Most months are good to lay a new lawn or give your existing grass a much-deserved makeover so long as it’s not too hot and dry or the ground is frozen.
For new lawns, measure the area you wish to cover and order your turves (allowing for offcuts depending on your chosen shape) before preparing the ground provided it is not so wet that it sticks to your boots.
Keep the turves stacked together and moist and do not allow them to dry out if you’ve ordered them ahead of the day you are laying it.
Compacted surfaces may first require digging over or, in severe cases or larger areas, properly rotivating with a machine to break up the soil.
Once this is done, rake over the area to get it as flat as possible, removing as many stones and pebbles as you can while you go along.
Now add a dressing of top soil and work this into the earth to improve the nutrients and drainage of the surface.
When you are happy the ground has been worked to a level, fine tilth then you are ready to lay your turves.
Carefully unroll each turf trying not to rip it and lay on to the ground, starting from a straight edge to the planned lawn area. Continue in straight lines, cutting off any excess turf with a stanley knife or old kitchen knife.
The turves should just butt up to each other and their soil should be moist enough to ‘knead’ them so they knit together more easily.
The next row of turves should be laid like brickwork so their joins are staggered against the previous row.
Once they are all laid it is worth tamping them down with the back of a rake and now is also time to cut off any edges which overlap the edges of your design.
Next, walk backwards across the lawn gently brushing up the grass blades, especially across the joints, to stimulate growth.
Finally, water the lawn thoroughly and keep it well watered for a few weeks as it beds in taking note of how much it has been raining.
It is also important not to tread on it for the first four to five weeks as it settles down.
During this period, keep an eye of the grass and fix any turves which seem to have curled away or slipped from joins by rebutting them, tamping them down and watering appropriately.
Existing lawns can also be given a helping hand at this time of year.
Remove the thatch (debris that’s built up over winter from dead grass) and moss from the lawn using a spring-tined rake such to drag it out and then compost it.
For larger lawns a scarifier machine will be required to save your back – there are also electric lawn rakes.

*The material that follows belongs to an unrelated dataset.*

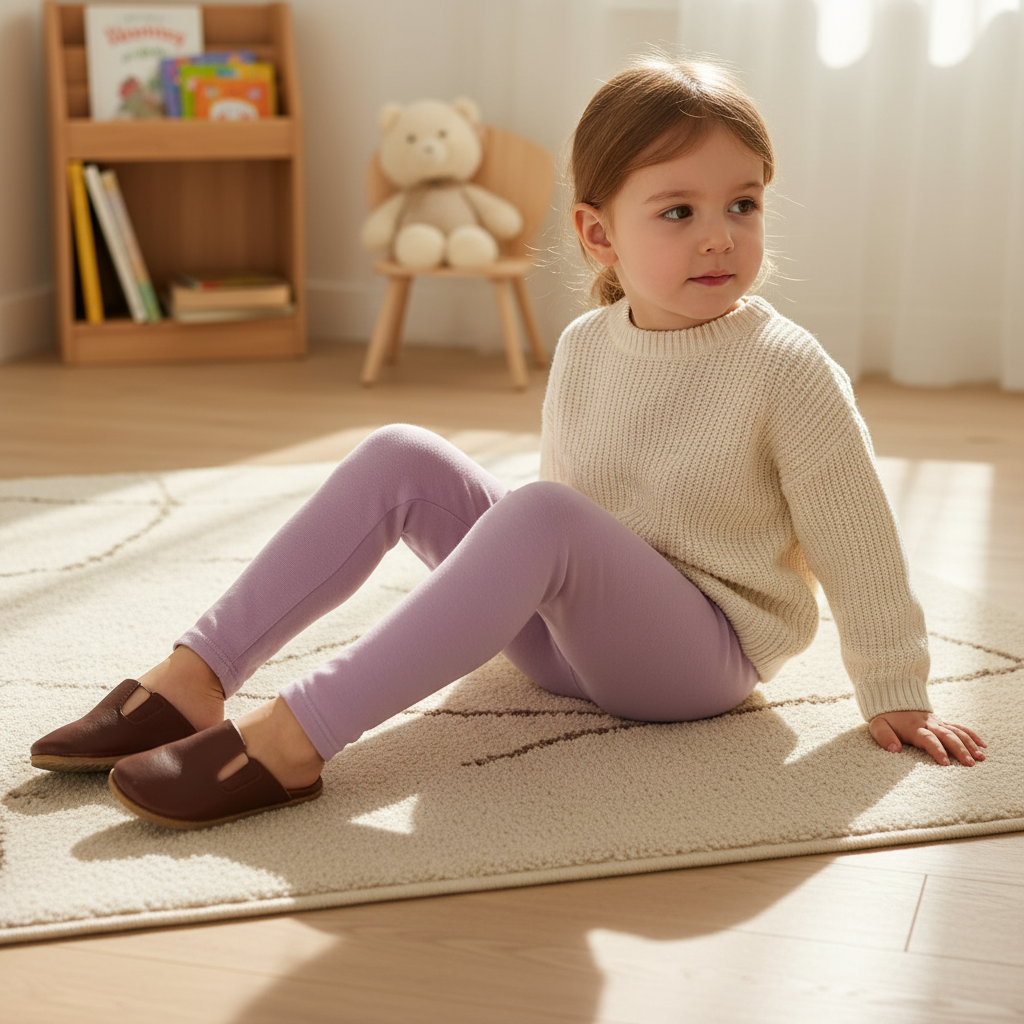 Nordspur | High Waist Fleece Leggings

This will make a mess but it will soon recover and the effort will have been well worth it.
Aeration of the compacted surface is also necessary.
Push a fork about six inches into the ground and gently lift up the turf to allow air in every six to eight inches across the grass.
You could add a top dressing of sharp sand and soil mix to improve drainage and encourage strong root growth.
Add some grass seed in the mix to patch up worn areas of the lawn.
Rake over the bald patch to a fine tilth and pat down the soil and seed before watering.
But if you are not confident of getting the mix right for your lawn’s feed then there are plenty of ready-mixed liquid and powder solutions available from garden centres or online.
Don’t mow your lawn until any new grass is at least 3 inches high.